Um trabalho intenso de resgate recuperou mais de 10 mil itens. “Peças de metal resistiram melhor. Pedras e cristais, por exemplo, sobreviveram ou foram modificados pelo calor – alguns cristais mudaram de cor”, detalha Fernandes. “Uma parte significativa dos fósseis também sobreviveu, porque são materiais rochosos.”
Esses itens modificados devem integrar futuras exposições que terão como foco o incêndio. A ideia será apresentar as peças danificadas ao lado de itens semelhantes em melhor condição.

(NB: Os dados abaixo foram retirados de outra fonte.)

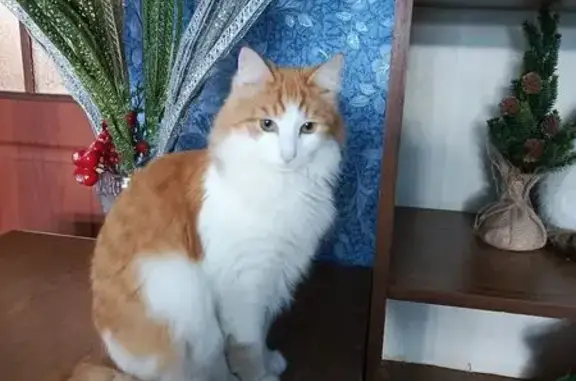 Кошки потеряшки, Заброды, фото: Потеряшка кошка, Заброды, Воронежская область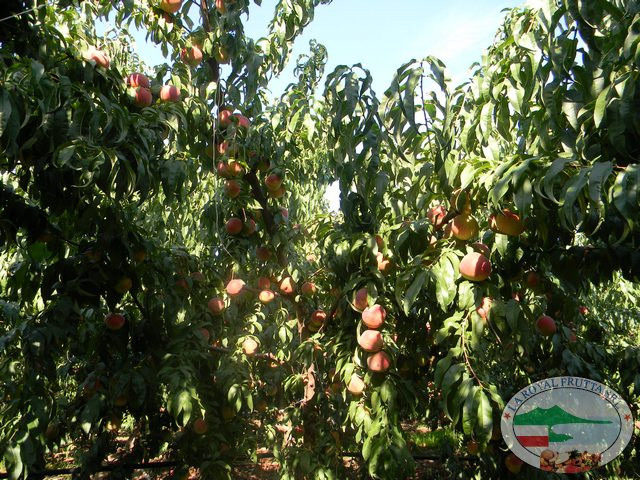 Pesche bianche varietà Douceur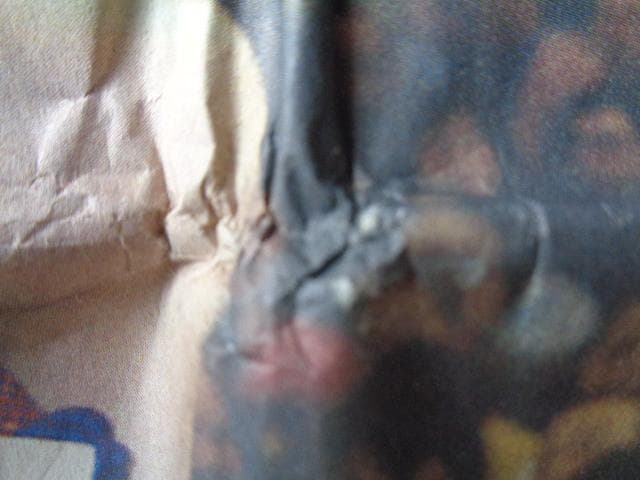 大鵬　訃報、鈴木孝政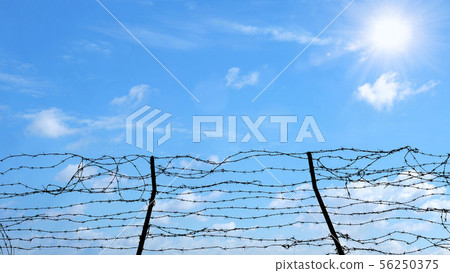 Barbed wire on blue sky background, Freedom, Barbed wire on blue sky background, Freedom, 56250375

O futuro: eventos ajudarão na captação de recursos
Os próximos passos até 2028 incluem captar R$ 170 milhões adicionais e concluir a construção de estruturas essenciais, como o Anexo Alípio de Miranda Ribeiro, que abrigará maquinário e sistemas utilitários. Graças a um estudo da equipe de arqueologia, as fachadas estão sendo restauradas com o mesmo tom de cor utilizado na época do Império, enquanto os andares internos são reerguidos.
A cada ano, o museu planeja abrir mais espaços ao público. “Estamos organizando outro evento como este para o ano que vem, na época do aniversário do museu, em julho. A expectativa é mostrar mais em 2026 do que em 2025. Mas a abertura total ainda não será possível antes de 2028”, projeta Fernandes.
Essas aberturas temporárias são essenciais para captar recursos. “Sempre que fazemos um evento assim, chamamos atenção do público e da imprensa”, diz Fernandes. Isso reforça o apoio de patrocinadores e mobiliza a sociedade para reconstruir uma das mais importantes instituições culturais e científicas do país.